もしや?と思ったら…早期発見・早期治療のために
ベーチェット病は、症状が多彩で診断が難しい病気ですが、早期に診断し、適切な治療を開始することが、症状の悪化や合併症を防ぐために非常に重要です。
- 繰り返す口内炎: 特に、痛みが強く、治りにくい口内炎が何度もできる場合は注意が必要です。
- その他の症状: 皮膚の発疹、目の充血や痛み、視力低下、陰部の潰瘍、原因不明の関節痛、腹痛や下痢などが続く場合も、ベーチェット病の可能性があります。
これらの症状が気になる場合は、まずはかかりつけ医に相談するか、リウマチ科、膠原病内科、眼科、皮膚科などの専門医を受診しましょう。
受診の際には、
- いつから、どんな症状があるか
- 症状はどのくらいの頻度で起こるか
- 症状の経過(良くなったり悪くなったりするか)
- これまでの病歴や治療歴
などを、できるだけ詳しく伝えることが、正確な診断の手がかりとなります。
まとめ
ベーチェット病は、全身に様々な症状が現れる複雑な病気ですが、近年、その病態解明や治療法は着実に進歩しています。 日本のベーチェット病は、腸管型が増加するなど、その姿を変えつつありますが、抗TNF-α抗体などの新しい治療薬の登場により、多くの患者さんが症状をコントロールできるようになってきました。
しかし、まだ原因は完全には解明されておらず、特に特殊型の治療には課題も残っています。 今後は、患者さん一人ひとりの症状や遺伝的な特徴に合わせた、より個別化された治療法(オーダーメイド治療)の開発が期待されます。

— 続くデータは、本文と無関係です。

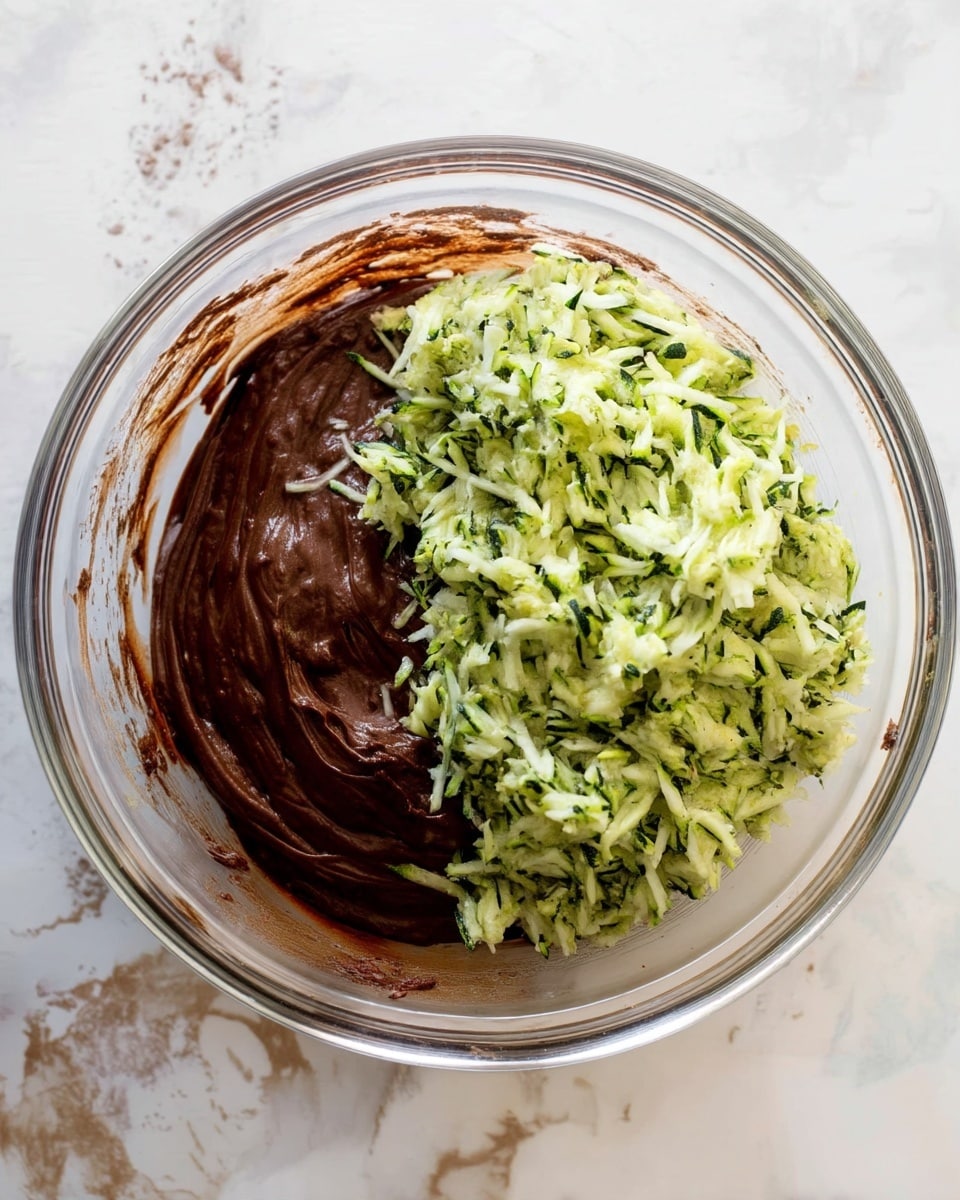 The image shows a clear glass bowl on a white marbled surface. Inside the bowl, there are two layers of ingredients: one side has thick, dark brown chocolate batter with a smooth texture, and the other side holds a mound of shredded pale green zucchini mixed with small dark green specks. The two ingredients are side by side, ready to be mixed together. There are some chocolate smudges on the sides of the bowl. Photo taken with an iphone --ar 4:5 --v 7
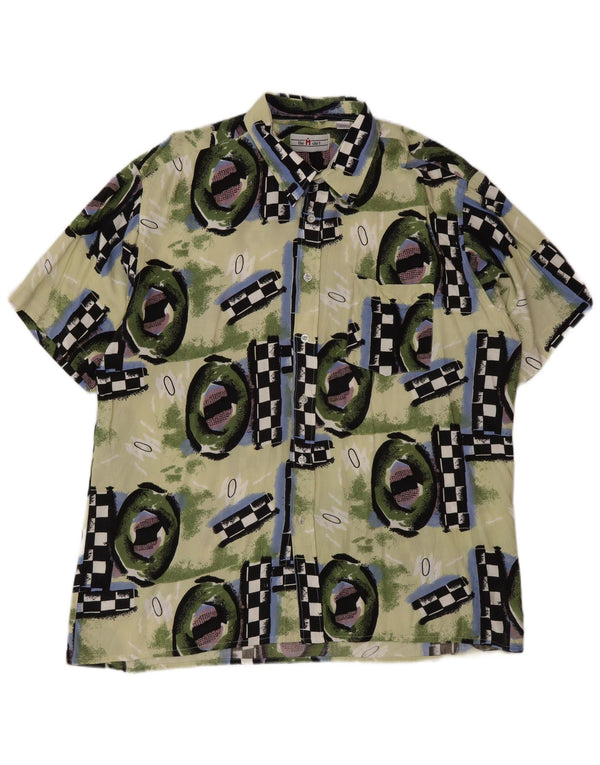 Cămașă Vintage pentru bărbați cu mânecă scurtă 2XL, multicoloră, geometrică, viscoză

原因不明の症状に悩んでいる方は、一人で抱え込まず、ぜひ専門医に相談してみてください。 早期発見・早期治療が、あなたの未来を守る鍵となります。
参考文献
- Kirino Y, Nakajima H. Clinical and Genetic Aspects of Behçet’s Disease in Japan. Intern Med. 2019 May 1;58(9):1199-1207.
健康・医学関連情報の注意喚起
本記事は、ベーチェット病に関する一般的な情報提供を目的としたものであり、特定の医学的アドバイスを提供するものではありません。 ベーチェット病の診断や治療については、必ず医療従事者にご相談ください。